Problem to solve: As the answer, return precisely the lines from the one containing "Volreg based sub-indices, we" to the final line of the material below, inclusive, and omit every picture.

The input:
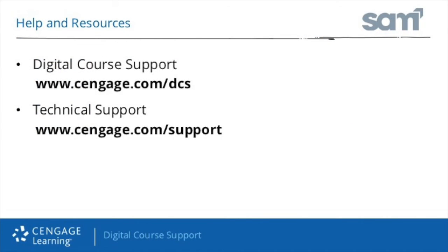Thank you for taking the time to review the self-training video. Additional support information can be found at the Student Support page.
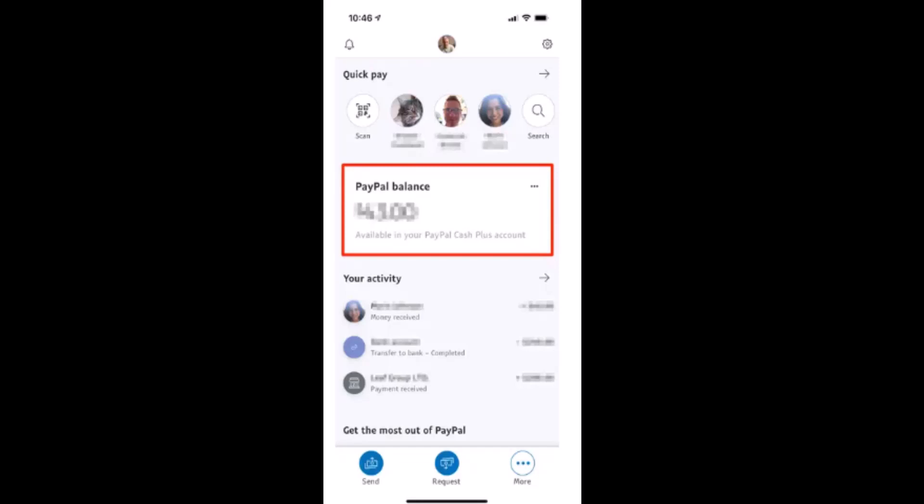Hi everyone, welcome back to our channel. In this video, I'm going to show you how you can transfer money to your bank account from your PayPal account. I'll be showing you a step-by-step tutorial, so make sure to watch this video till the end. First of all, log into your account. After you're logged in, this is what the interface will look like.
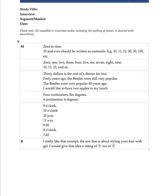The one that is about styling your hair with gel. Well, I would give that idea a rating of 4 out of 5. Now let's have a look at this.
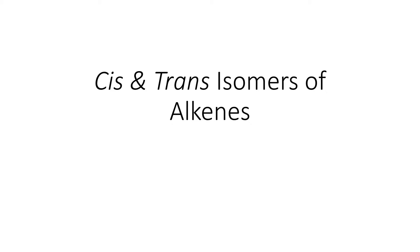Alright, we're going to review some problems from your handout on drawing and naming cis and trans isomers of alkenes.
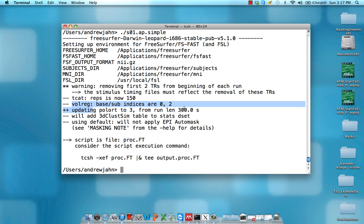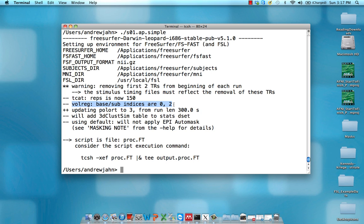Volreg based sub-indices, we didn't specify this in that command, so this is just going to the default. This is volume registration, and what this means is that we're going to be registering to the third volume of the first functional run. Remember that in AFNI land stuff starts at zero, so zero represents the first element of something.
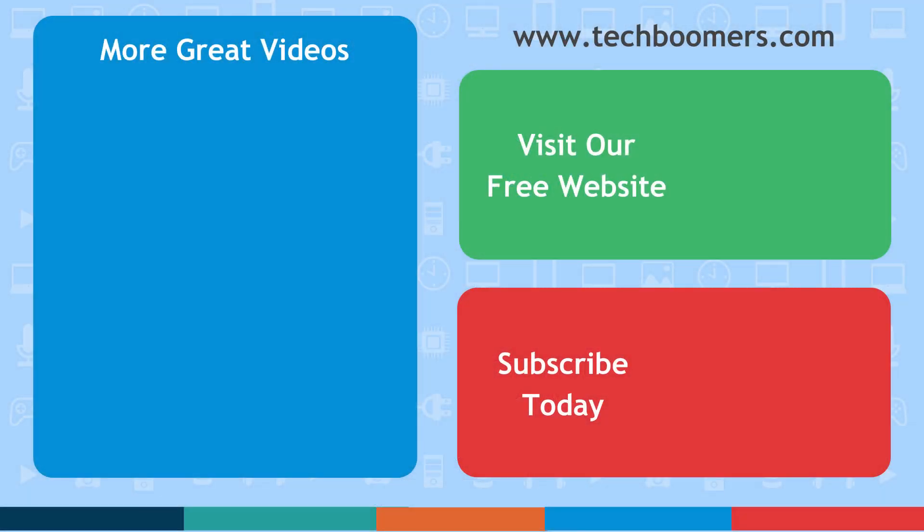Thanks for watching! If you found this video helpful, we'd love it if you'd hit the thumbs up button below. Check out TechBoomers.com for over 100 free courses on all of today's most popular websites and apps.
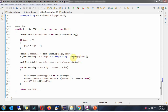The findAll method returns a Page object, which I have named usersPage. From usersPage I get the content, which returns a UserEntity list. Using a forEach loop I get each UserEntity object from the list and convert it to a UserDTO object, then add it to the UserDTO list. Finally, the UserDTO list is returned to the controller.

Answer below:
Volreg based sub-indices, we didn't specify this in that command, so this is just going to the default. This is volume registration, and what this means is that we're going to be registering to the third volume of the first functional run. Remember that in AFNI land stuff starts at zero, so zero represents the first element of something.
Thanks for watching! If you found this video helpful, we'd love it if you'd hit the thumbs up button below. Check out TechBoomers.com for over 100 free courses on all of today's most popular websites and apps.
The findAll method returns a Page object, which I have named usersPage. From usersPage I get the content, which returns a UserEntity list. Using a forEach loop I get each UserEntity object from the list and convert it to a UserDTO object, then add it to the UserDTO list. Finally, the UserDTO list is returned to the controller.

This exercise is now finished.